Francesco Troccoli: Sì e no. La mancanza di certezze assolute che caratterizza Tobruk è forse un tratto dell’uomo moderno, vittima del fallimento della maggior parte dei sistemi di pensiero. Ma la reale propensione a cercare quelle certezza dentro di sé, piuttosto che al di fuori, non si può a mio parere considerare tale. Il limite della modernità è forse nella rinuncia a una ricerca autentica, che abbia al centro l’essere umano, che è ostacolata, quando non impedita, dai dogmi dell’economia sul piano materiale e della religione su un altro più immateriale.

 

L.C.: C’è un rapporto tra quello che hai scritto in questo romanzo e la tua vita?

Francesco Troccoli: Il solo rapporto è nella rinuncia a una vita che non mi corrispondeva più. Una rinuncia che all’inizio è stata temuta e continuamente posticipata, ma che poi, come accade a Tobruk, mi è piovuta addosso nonostante la mia resistenza. La mia aspettativa è che in questa dimensione di “trasformazione possibile” il lettore possa trovare uno stimolo personale forte, riconducibile alla propria quotidianità e ai propri affetti.

 

L.C.: Tutto il romanzo si potrebbe definire quasi una metafora della società attuale, nella quale il lavoro è sempre più a beneficio dei padroni piuttosto che dei lavoratori. È evidente fin dall’inizio di ‘Ferro sette’ il desiderio di alcuni personaggi di liberarsi da un certo tipo di schiavitù. Vuoi forse comunicare un messaggio con questa tua storia?

Francesco Troccoli: Ferro Sette è stato definito da alcuni come un romanzo “politico”. Nonostante io non avessi alcuna intenzione di realizzare nulla di simile, non posso negare che la storia che ho scritto sia sostanzialmente la descrizione di un processo di ribellione, collettiva e individuale. La perdita del sonno diventa, credo, l’immagine della perdita della certezza di cui parlavi prima, ossia la perdita della natura più profonda e distintiva dell’essere umano. è a questo che i protagonisti, nelle profondità della miniera Ferro Sette, si ribellano.
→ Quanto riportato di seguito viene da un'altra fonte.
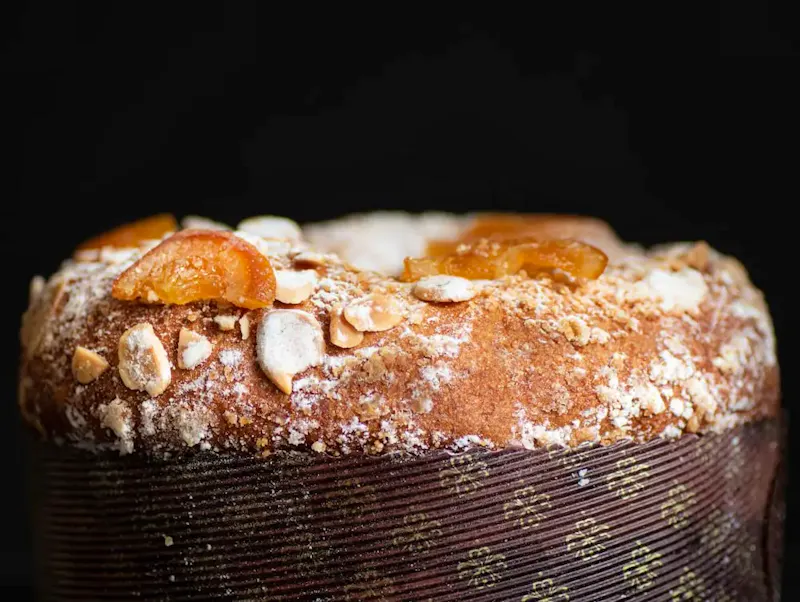 a close up of a cake on a table | Immagine di blackieshoot, su https://unsplash.com/@blackieshoot?utm_source=centralapp&utm_medium=referral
Non mi piace usare il termine “messaggio”, perché implica un’intenzionalità consapevole che io non ho avuto; ad ogni modo il senso della storia è che la vera ribellione è quella che avviene dentro di noi, prima che in una dimensione sociale, “esterna”, per così dire.

 

L.C.: Non si può non notare la ricchezza emotiva e psicologica dei personaggi della storia, sopratutto il protagonista. È secondo te questo il motivo per cui il tuo romanzo è stato letto anche da molti non appassionati di fantascienza?

Francesco Troccoli: Bisognerebbe chiederlo ai lettori! Mi auguro che abbia contribuito. Tutti i miei personaggi sono nati in maniera funzionale alla narrazione, e ciò che ho cercato sistematicamente di fare è renderli profondamente e credibilmente umani. Forse, di conseguenza, il fatto che si muovano in un remoto sistema del futuro è passato in secondo piano per i lettori non legati al genere in senso stretto.

 

L.C.: Hai in progetto di scrivere altri romanzi e se sì, sempre di fantascienza o di un altro genere?

Francesco Troccoli: Editore permettendo, e nonostante Ferro Sette sia un romanzo decisamente autosufficiente e auto-conclusivo, la saga di Tobruk Ramarren andrà avanti. Ho intenzione però anche di dedicarmi ad altro, a qualcosa che renda più difficile l’applicazione di etichette, sulle quali, purtroppo, regnano sovrane l’equivoco e il fraintendimento. La fantascienza è degna di tutti i lettori, e tutti i lettori sono degni di fantascienza. Basti pensare al colossale successo di Avatar. E non mi si venga a dire che non è un film di fantascienza. Ma si tratta appunto di un film, e forse il vero problema, per tutta l’editoria (soprattutto la narrativa di qualità) è che se ne pubblica e se ne legge sempre meno. Ma io continuerò a scrivere, sì. Senza dubbio.